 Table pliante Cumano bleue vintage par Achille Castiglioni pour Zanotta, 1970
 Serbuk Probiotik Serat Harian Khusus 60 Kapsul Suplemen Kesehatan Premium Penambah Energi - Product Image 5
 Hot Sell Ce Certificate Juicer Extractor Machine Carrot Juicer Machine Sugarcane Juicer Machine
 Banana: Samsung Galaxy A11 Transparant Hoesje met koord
==
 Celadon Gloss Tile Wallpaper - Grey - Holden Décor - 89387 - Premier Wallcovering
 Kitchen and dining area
...
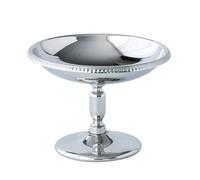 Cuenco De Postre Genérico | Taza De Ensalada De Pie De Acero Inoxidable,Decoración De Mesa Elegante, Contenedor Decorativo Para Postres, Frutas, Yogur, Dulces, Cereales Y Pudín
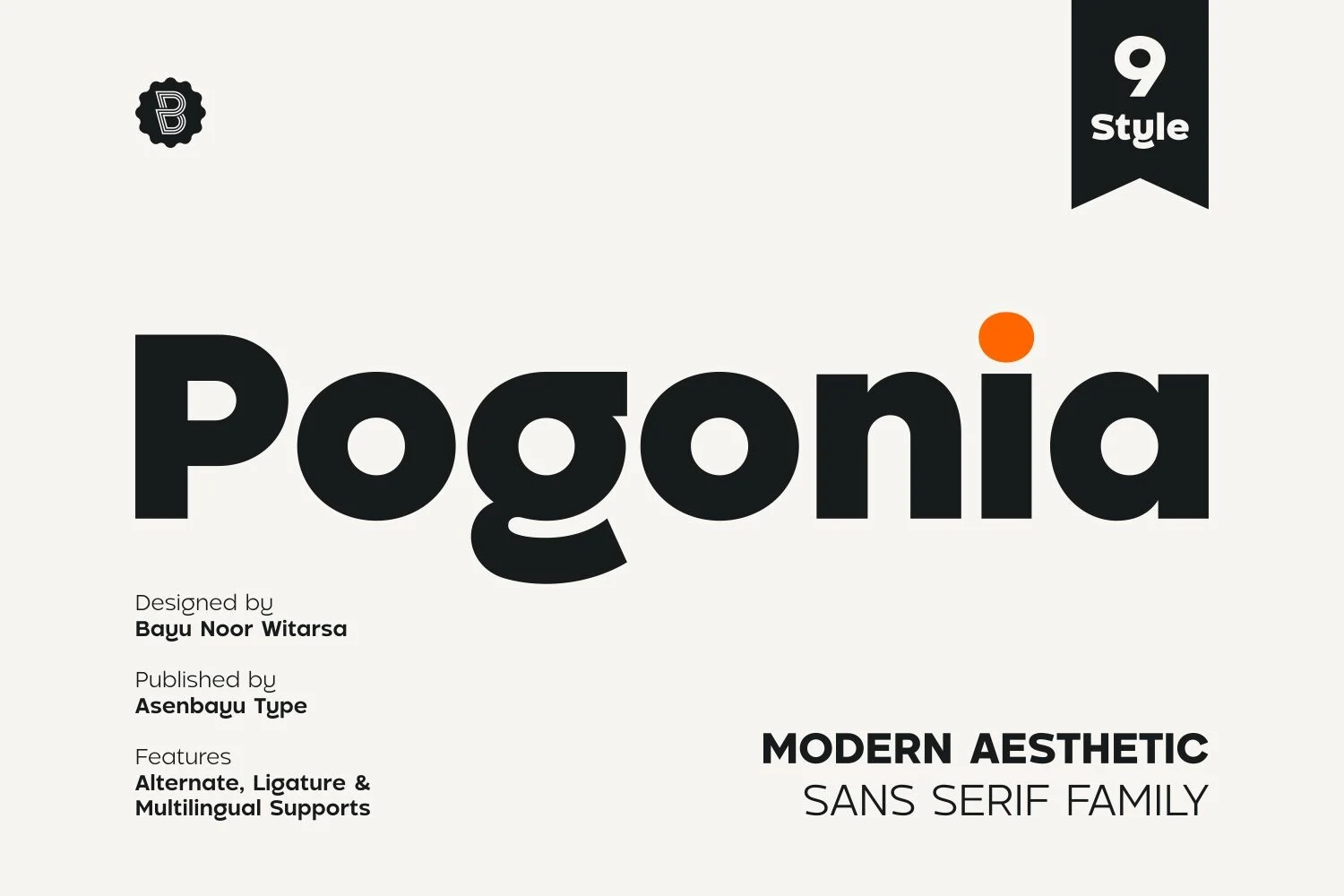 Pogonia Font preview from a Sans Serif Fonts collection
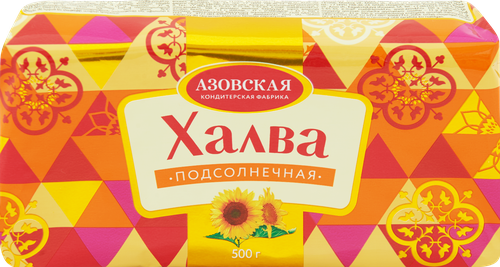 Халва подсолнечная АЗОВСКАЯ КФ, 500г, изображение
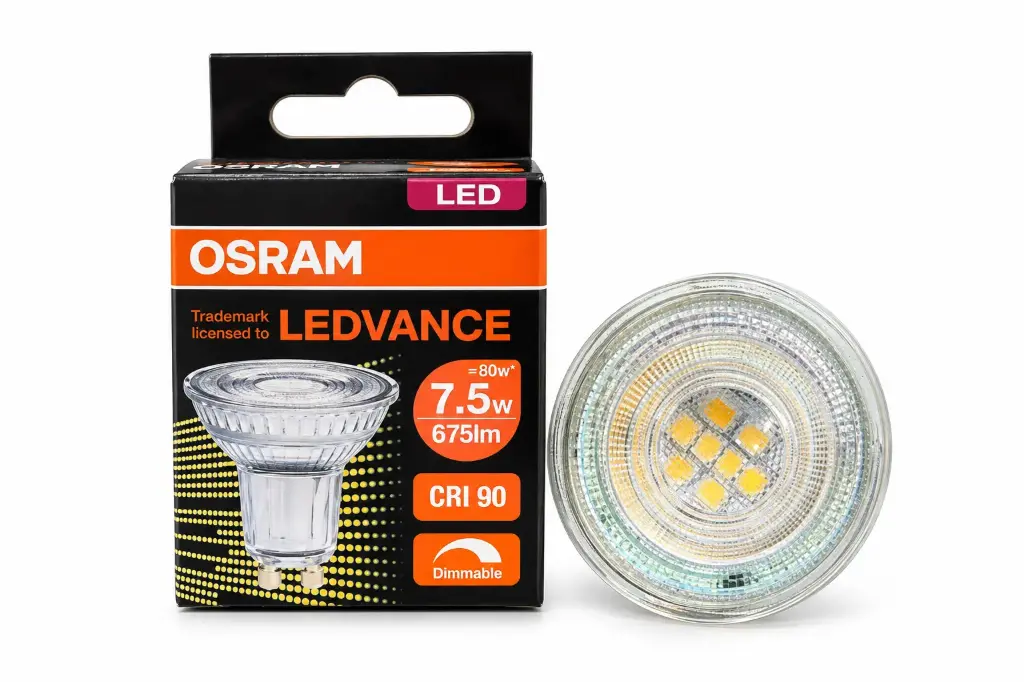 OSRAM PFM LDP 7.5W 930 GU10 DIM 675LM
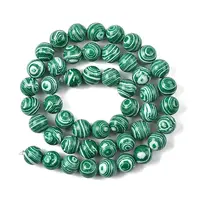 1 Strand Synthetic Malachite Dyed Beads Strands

◆ **ACTION ITEM**
Only one part of the material above is wanted: the lines from the one with "Cuenco De Postre" up to and including the one with "1 Strand Synthetic". Please copy them exactly, pictures left out.

◆ **OUTPUT FOR THIS TASK**
 Cuenco De Postre Genérico | Taza De Ensalada De Pie De Acero Inoxidable,Decoración De Mesa Elegante, Contenedor Decorativo Para Postres, Frutas, Yogur, Dulces, Cereales Y Pudín
 Pogonia Font preview from a Sans Serif Fonts collection
 Халва подсолнечная АЗОВСКАЯ КФ, 500г, изображение
 OSRAM PFM LDP 7.5W 930 GU10 DIM 675LM
 1 Strand Synthetic Malachite Dyed Beads Strands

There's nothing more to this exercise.